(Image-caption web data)
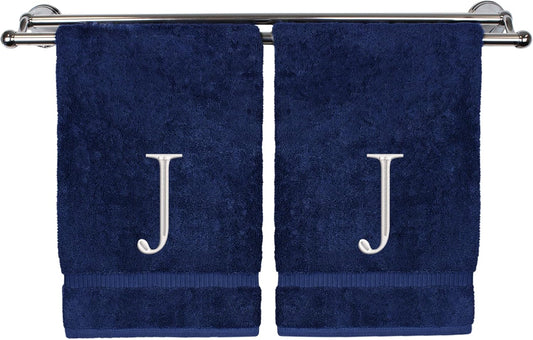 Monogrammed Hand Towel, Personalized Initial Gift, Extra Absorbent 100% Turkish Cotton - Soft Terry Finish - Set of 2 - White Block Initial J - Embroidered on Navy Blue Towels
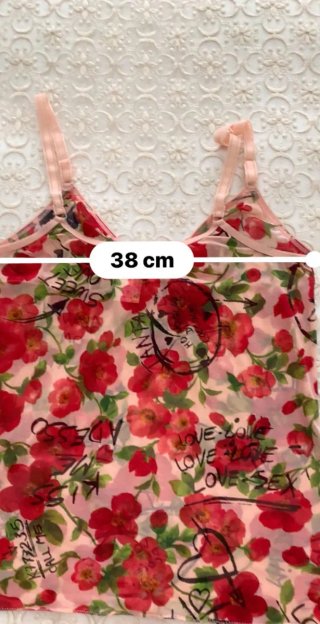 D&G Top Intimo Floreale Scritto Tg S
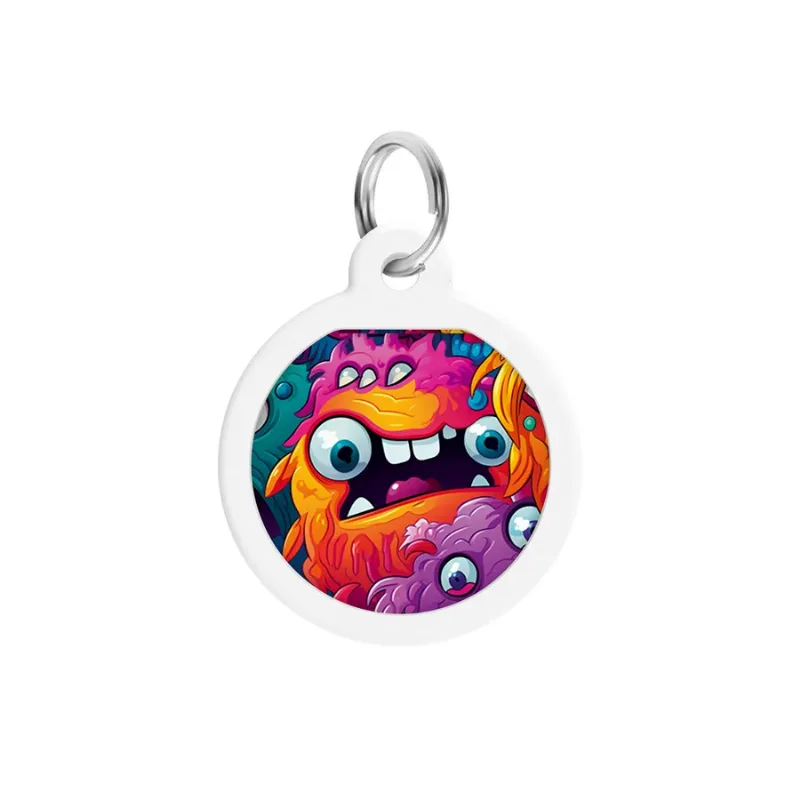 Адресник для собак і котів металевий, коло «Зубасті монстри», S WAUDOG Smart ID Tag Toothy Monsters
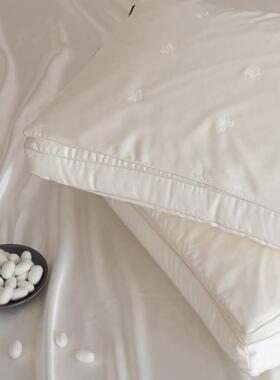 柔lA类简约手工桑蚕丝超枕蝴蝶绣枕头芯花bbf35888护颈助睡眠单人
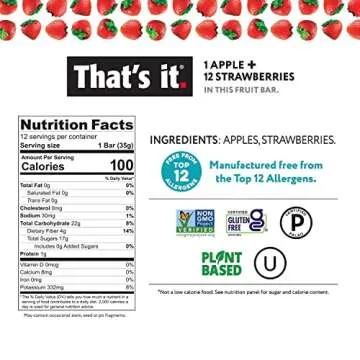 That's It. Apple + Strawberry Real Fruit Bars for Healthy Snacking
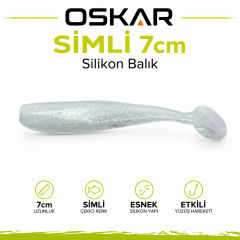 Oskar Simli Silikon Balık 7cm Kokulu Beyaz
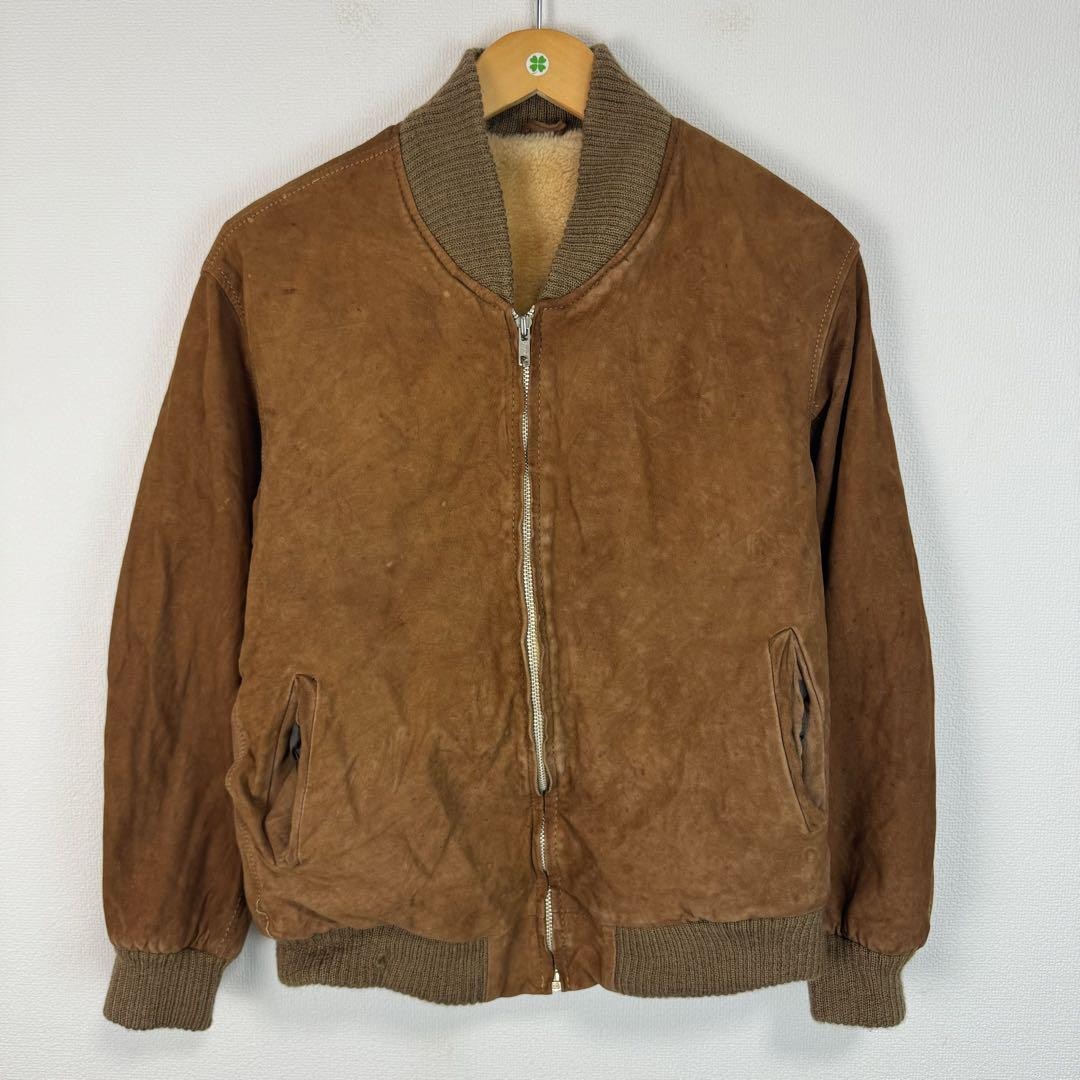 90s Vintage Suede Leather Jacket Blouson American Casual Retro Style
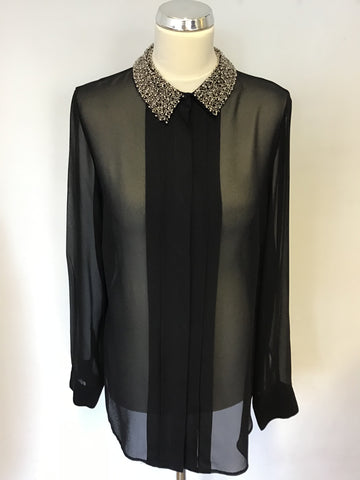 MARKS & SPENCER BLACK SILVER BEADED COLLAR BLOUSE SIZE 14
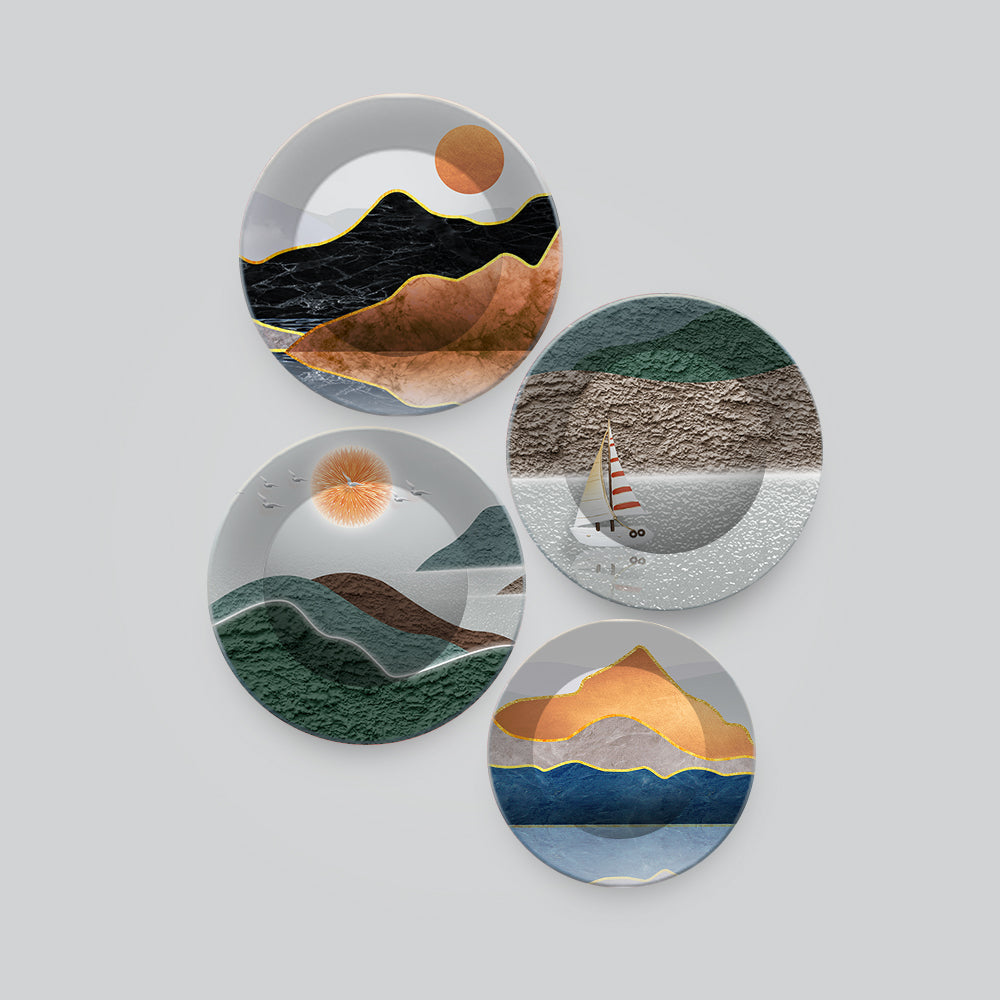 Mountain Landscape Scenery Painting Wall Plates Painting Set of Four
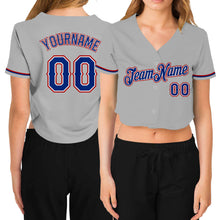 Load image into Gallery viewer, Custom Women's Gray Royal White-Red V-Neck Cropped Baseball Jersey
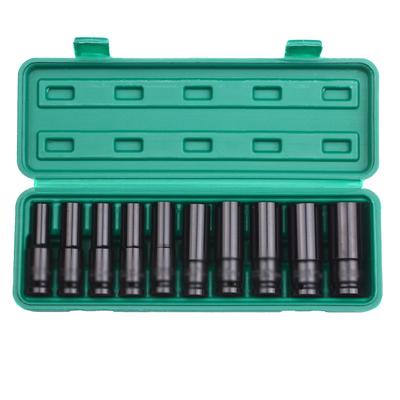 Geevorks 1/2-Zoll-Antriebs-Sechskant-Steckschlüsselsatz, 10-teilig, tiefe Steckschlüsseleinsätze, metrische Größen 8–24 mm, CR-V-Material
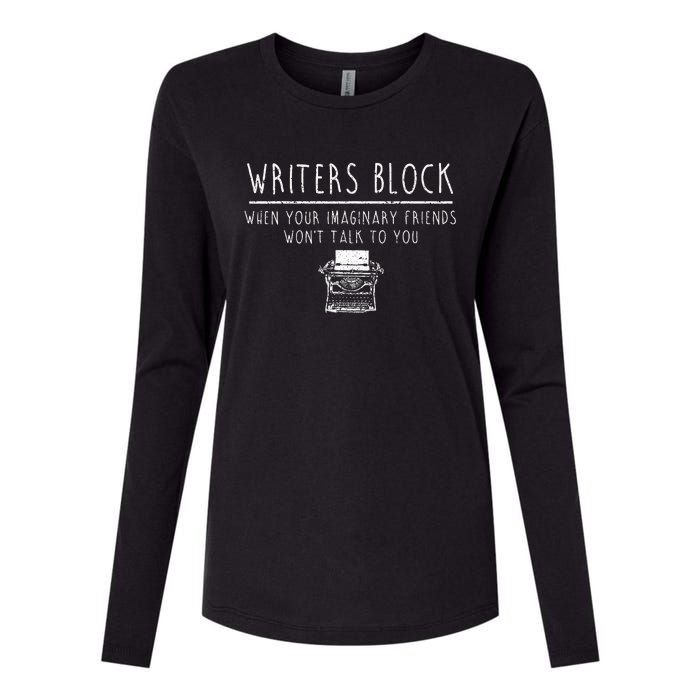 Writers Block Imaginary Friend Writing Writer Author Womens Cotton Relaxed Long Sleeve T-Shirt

:: Work task ::
When you copy the entries above, keep every word exactly and omit the images.

:: Solution ::
 Monogrammed Hand Towel, Personalized Initial Gift, Extra Absorbent 100% Turkish Cotton - Soft Terry Finish - Set of 2 - White Block Initial J - Embroidered on Navy Blue Towels
 D&G Top Intimo Floreale Scritto Tg S
 Адресник для собак і котів металевий, коло «Зубасті монстри», S WAUDOG Smart ID Tag Toothy Monsters
 柔lA类简约手工桑蚕丝超枕蝴蝶绣枕头芯花bbf35888护颈助睡眠单人
 That's It. Apple + Strawberry Real Fruit Bars for Healthy Snacking
 Oskar Simli Silikon Balık 7cm Kokulu Beyaz
 90s Vintage Suede Leather Jacket Blouson American Casual Retro Style
 MARKS & SPENCER BLACK SILVER BEADED COLLAR BLOUSE SIZE 14
 Mountain Landscape Scenery Painting Wall Plates Painting Set of Four
 Load image into Gallery viewer, Custom Women's Gray Royal White-Red V-Neck Cropped Baseball Jersey
 Geevorks 1/2-Zoll-Antriebs-Sechskant-Steckschlüsselsatz, 10-teilig, tiefe Steckschlüsseleinsätze, metrische Größen 8–24 mm, CR-V-Material
 Writers Block Imaginary Friend Writing Writer Author Womens Cotton Relaxed Long Sleeve T-Shirt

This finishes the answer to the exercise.